In the rapidly advancing field of autonomous vehicle development, the ability to effectively mine and analyze vast amounts of data is crucial. Engineering teams driving the future of mobility face significant challenges as they sift through extensive fleet log data to identify key insights and improve system performance. Traditional data mining techniques often fall short, proving too slow, inflexible, or inefficient to handle the complexity and volume of autonomy-specific datasets. These challenges include the manual triage of data, the reliance on narrow task-specific models, and the inherent difficulties in adapting to evolving data needs without substantial reconfiguration and retraining.

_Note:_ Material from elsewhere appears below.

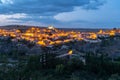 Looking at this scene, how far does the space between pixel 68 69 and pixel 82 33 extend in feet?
153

Recognizing these obstacles, Applied Intuition is at the forefront of transforming how autonomy engineers approach these vast datasets. By leveraging advanced AI technologies, including foundation models and emergent machine learning paradigms, we offer more scalable and efficient solutions.
In this blog post, we explore the challenges associated with data mining and how traditional approaches often fall short. We introduce emergent machine learning paradigms, particularly foundation models, that provide a more efficient and scalable approach. Finally, we discuss how Applied Intuition’s Data Explorer leverages these technologies to enhance data retrieval and accelerate the development of autonomous vehicles.
Data-Driven Autonomy Stacks
Autonomy stacks are increasingly data-driven. Many hard-coded modules have been replaced with ML-based ones, most notably modules for perception, prediction, and planning. This trend only accelerates as the industry moves toward fully differentiable end-to-end autonomy stacks.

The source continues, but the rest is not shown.